Please note ALL consituencies in Scotland returned a REMAIN vote .OUR government is fighting for our right to remain despite being left out of discussions ,ignored and treated appallingly in and out of the HOC.Its not the will of OUR people to leave .

Nonnie Sat 08-Dec-18 12:13:25

From the map it looks as if it is not the will of many to leave. However, will the government take any notice?

Anniebach Sat 08-Dec-18 12:24:36

But we voted as the U.K. not as four seperate countries

Opal Sat 08-Dec-18 12:28:50

paddyann - got to say your post is bait, and I've bitten, against my better judgement. YOUR people voted to stay as part of OUR UK, and as such, they do not have a separate vote to us when it comes to Brexit. OUR people voted to leave and, as part of the UK, that includes YOUR people. What a divisive post yours is. I love Scotland and the Scottish people, I love Wales and the Welsh people, my Dad was a proud Welshman, but we are still ONE United Kingdom - which YOUR people voted to remain a part of - and as such, we have ALL decided to leave - it's a democracy. If Scotland want independence, they need to vote for it. As per a previous thread I started, I still don't understand why some Scots want independence from the UK but not from Brussels.

Anniebach Sat 08-Dec-18 12:33:19

I voted remain, I live in Wales, always have. Wales voted out, I accept the result because it was a U.K. vote ,

Granny23 Sat 08-Dec-18 13:33:37

Annie Ah BUT if Welsh people had kown what they know now would they have voted leave?

Opal It is really very simple.
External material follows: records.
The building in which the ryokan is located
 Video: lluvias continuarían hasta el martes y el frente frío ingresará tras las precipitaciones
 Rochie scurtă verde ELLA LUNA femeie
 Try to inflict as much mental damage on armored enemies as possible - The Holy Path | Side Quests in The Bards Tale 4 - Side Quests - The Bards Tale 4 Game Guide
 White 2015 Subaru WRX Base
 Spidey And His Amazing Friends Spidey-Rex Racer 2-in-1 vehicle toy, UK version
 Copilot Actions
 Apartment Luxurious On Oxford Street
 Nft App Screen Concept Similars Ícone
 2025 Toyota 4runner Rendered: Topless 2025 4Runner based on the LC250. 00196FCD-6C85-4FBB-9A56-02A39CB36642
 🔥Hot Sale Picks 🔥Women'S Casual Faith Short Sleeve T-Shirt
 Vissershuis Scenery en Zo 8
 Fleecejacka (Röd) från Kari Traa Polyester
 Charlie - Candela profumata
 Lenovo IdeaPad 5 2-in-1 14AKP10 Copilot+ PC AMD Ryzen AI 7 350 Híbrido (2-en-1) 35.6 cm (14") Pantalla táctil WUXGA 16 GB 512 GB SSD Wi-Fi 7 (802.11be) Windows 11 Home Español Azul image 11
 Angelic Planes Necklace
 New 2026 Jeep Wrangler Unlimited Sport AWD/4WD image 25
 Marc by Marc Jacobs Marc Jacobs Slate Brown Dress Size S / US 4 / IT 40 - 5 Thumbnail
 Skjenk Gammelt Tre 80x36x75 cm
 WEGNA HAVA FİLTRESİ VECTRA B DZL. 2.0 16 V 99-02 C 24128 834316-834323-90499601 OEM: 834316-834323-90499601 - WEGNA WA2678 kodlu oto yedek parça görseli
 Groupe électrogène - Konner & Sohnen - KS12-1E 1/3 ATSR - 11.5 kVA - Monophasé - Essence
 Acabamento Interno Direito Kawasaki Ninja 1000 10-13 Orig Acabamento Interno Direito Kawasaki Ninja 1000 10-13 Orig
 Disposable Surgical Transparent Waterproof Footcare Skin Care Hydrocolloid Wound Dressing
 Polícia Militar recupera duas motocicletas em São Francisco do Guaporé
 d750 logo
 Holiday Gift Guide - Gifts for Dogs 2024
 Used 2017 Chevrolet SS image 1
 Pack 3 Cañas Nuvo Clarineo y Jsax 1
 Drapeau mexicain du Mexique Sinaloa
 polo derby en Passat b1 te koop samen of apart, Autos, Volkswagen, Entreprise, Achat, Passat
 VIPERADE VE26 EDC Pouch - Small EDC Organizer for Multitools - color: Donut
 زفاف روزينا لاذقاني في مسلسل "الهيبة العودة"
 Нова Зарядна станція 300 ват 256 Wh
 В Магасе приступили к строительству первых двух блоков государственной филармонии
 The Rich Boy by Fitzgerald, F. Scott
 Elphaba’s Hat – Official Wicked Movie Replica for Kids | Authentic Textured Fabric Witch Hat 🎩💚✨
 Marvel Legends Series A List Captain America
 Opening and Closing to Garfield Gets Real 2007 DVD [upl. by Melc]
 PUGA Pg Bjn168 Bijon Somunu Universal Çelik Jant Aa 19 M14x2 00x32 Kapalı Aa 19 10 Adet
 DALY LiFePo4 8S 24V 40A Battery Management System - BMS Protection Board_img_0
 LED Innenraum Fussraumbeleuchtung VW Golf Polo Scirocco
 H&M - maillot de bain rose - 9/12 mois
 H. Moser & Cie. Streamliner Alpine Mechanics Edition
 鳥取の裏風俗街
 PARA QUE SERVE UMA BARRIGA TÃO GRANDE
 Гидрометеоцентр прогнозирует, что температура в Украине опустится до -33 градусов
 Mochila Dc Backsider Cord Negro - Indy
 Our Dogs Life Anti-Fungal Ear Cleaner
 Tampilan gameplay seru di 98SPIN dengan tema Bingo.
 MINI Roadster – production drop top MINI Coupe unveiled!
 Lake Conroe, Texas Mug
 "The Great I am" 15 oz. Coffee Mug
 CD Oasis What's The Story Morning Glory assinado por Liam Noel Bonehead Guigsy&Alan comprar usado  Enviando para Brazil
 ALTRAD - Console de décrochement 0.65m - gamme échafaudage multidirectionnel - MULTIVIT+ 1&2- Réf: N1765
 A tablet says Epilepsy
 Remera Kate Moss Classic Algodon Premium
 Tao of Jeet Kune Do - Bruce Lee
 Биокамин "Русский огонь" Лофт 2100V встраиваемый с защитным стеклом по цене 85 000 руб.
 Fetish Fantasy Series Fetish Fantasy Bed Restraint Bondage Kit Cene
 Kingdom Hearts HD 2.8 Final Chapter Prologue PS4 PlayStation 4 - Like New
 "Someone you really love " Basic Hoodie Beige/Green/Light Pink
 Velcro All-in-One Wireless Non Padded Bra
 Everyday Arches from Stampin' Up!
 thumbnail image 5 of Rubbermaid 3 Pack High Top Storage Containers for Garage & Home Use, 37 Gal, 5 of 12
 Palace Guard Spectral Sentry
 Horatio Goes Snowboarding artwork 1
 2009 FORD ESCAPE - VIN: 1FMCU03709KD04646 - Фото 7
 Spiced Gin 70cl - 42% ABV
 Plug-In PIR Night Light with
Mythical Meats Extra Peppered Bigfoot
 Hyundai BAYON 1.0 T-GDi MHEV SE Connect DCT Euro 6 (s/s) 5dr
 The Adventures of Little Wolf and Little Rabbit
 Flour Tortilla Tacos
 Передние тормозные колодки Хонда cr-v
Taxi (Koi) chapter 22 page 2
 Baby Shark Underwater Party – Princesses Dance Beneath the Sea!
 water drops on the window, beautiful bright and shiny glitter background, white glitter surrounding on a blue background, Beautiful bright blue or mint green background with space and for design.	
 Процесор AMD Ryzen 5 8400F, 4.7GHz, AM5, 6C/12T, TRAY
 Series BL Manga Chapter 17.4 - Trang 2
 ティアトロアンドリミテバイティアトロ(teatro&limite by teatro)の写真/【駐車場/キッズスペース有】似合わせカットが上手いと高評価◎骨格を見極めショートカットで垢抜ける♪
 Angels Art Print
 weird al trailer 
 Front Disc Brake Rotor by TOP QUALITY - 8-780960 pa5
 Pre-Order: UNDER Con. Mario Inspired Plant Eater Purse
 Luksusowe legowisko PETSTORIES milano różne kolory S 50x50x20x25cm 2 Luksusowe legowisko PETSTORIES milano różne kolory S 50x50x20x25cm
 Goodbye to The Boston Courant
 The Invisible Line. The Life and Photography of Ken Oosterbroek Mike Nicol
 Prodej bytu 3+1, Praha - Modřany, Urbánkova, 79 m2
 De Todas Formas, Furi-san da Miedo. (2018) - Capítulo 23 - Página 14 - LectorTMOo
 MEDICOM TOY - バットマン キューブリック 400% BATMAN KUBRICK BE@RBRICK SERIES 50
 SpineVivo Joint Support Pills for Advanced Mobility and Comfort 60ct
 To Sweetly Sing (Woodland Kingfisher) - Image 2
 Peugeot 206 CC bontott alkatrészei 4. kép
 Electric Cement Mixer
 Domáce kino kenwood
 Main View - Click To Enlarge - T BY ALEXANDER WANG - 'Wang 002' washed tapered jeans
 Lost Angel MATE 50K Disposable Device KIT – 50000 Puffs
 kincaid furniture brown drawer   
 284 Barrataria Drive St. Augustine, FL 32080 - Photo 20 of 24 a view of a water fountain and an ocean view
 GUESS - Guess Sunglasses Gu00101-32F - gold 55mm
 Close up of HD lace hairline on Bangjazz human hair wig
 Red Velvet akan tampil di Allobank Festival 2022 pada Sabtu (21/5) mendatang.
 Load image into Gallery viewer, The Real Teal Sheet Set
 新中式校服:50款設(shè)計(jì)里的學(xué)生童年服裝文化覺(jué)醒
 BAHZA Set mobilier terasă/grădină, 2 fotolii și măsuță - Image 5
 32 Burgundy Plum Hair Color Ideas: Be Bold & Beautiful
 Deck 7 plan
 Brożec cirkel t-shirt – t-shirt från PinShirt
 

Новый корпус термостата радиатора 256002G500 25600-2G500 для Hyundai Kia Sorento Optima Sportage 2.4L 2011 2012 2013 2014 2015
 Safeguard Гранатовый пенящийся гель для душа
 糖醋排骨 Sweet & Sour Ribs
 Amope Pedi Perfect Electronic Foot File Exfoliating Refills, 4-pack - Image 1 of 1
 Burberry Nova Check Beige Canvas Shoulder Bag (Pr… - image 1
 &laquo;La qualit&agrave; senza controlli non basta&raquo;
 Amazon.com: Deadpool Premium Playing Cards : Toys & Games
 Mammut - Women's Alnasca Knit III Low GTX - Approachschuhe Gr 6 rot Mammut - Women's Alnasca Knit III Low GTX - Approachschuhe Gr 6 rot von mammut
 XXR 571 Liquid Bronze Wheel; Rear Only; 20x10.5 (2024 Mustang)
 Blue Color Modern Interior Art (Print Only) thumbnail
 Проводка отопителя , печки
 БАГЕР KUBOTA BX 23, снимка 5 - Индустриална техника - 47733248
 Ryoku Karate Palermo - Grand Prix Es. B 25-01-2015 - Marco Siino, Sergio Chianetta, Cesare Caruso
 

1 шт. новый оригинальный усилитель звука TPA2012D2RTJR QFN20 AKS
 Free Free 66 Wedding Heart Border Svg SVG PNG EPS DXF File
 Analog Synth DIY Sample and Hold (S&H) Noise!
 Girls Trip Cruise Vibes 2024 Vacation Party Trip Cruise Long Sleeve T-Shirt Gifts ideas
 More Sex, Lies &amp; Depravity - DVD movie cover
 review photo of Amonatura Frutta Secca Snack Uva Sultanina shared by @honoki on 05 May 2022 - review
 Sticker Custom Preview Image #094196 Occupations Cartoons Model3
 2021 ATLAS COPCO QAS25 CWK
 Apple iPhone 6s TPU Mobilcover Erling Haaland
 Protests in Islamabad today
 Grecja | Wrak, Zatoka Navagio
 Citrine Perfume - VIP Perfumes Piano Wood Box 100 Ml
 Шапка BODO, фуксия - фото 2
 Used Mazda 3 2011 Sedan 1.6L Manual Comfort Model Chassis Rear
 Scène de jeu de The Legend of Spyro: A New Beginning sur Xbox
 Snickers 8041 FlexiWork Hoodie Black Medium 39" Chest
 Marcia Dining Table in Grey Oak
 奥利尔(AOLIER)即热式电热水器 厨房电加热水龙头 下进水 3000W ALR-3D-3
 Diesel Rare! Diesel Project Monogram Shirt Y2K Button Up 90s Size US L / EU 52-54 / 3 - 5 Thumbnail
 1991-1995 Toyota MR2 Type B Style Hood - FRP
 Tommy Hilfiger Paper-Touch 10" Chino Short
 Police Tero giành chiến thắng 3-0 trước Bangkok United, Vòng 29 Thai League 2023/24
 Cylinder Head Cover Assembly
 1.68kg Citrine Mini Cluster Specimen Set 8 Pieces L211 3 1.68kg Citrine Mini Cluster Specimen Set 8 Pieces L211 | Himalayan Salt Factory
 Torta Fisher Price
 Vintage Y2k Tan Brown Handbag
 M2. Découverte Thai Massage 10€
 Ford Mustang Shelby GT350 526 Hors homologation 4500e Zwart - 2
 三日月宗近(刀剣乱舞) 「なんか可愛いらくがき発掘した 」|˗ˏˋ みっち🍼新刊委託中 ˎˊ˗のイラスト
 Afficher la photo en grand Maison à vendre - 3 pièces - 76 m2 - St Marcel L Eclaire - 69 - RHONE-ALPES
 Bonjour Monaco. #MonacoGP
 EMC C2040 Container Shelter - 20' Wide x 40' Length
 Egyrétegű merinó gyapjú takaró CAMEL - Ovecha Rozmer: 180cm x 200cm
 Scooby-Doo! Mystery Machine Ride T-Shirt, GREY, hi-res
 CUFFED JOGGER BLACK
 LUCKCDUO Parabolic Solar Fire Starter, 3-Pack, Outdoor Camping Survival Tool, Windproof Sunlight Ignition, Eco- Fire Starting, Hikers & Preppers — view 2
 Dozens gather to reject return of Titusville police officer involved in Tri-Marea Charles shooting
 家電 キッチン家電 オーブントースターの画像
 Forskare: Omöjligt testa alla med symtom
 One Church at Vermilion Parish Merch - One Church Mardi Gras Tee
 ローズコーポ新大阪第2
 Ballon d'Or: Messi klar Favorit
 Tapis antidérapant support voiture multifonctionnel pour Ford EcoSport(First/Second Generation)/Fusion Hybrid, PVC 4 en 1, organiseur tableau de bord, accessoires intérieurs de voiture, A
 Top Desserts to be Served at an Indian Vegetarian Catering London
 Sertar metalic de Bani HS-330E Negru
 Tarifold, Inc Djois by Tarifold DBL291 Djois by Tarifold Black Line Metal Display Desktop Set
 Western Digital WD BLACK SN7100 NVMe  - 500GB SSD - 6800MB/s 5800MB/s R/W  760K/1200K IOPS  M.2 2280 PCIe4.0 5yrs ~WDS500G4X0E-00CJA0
Scotland as a member of the Union that is the UK will always be outvoted at Westminster due to the huge disparity in numbers of MPs from English v Scottish Constituencies. Whereas an Independent Scotland in the EU would have a seat at the top table equal to every other country in the EU and could form alliances with other like minded countries on particular issues.

The People in Scotland had no vote in the decision to join up in the United Kingdom. That was decided by the nobility while the People rioted in the streets. There have been many attempts since to reverse this situation. Indeed at various times 'Home Rule' for Scotland was Liberal and Labour Policy. Currently their is a pro Independence (and pro EU) majority in the Scottish Parliament as voted in by the Scottish people and also among the Scottish MPs at Westminster. *

They did vote to join the EU, were warned during the 2014 referendum that to vote YES would mean they were out of the EU, only a NO vote would keep them in and finally voted strongly 65%, to REMAIN during the Brexit referendum.

* As a wee hypothetical aside - If England had decided to leave or dissolve the Union, it could all have been agreed at Westminster in an afternoon as English MPs can always out vote those from Wales NI and Scotland.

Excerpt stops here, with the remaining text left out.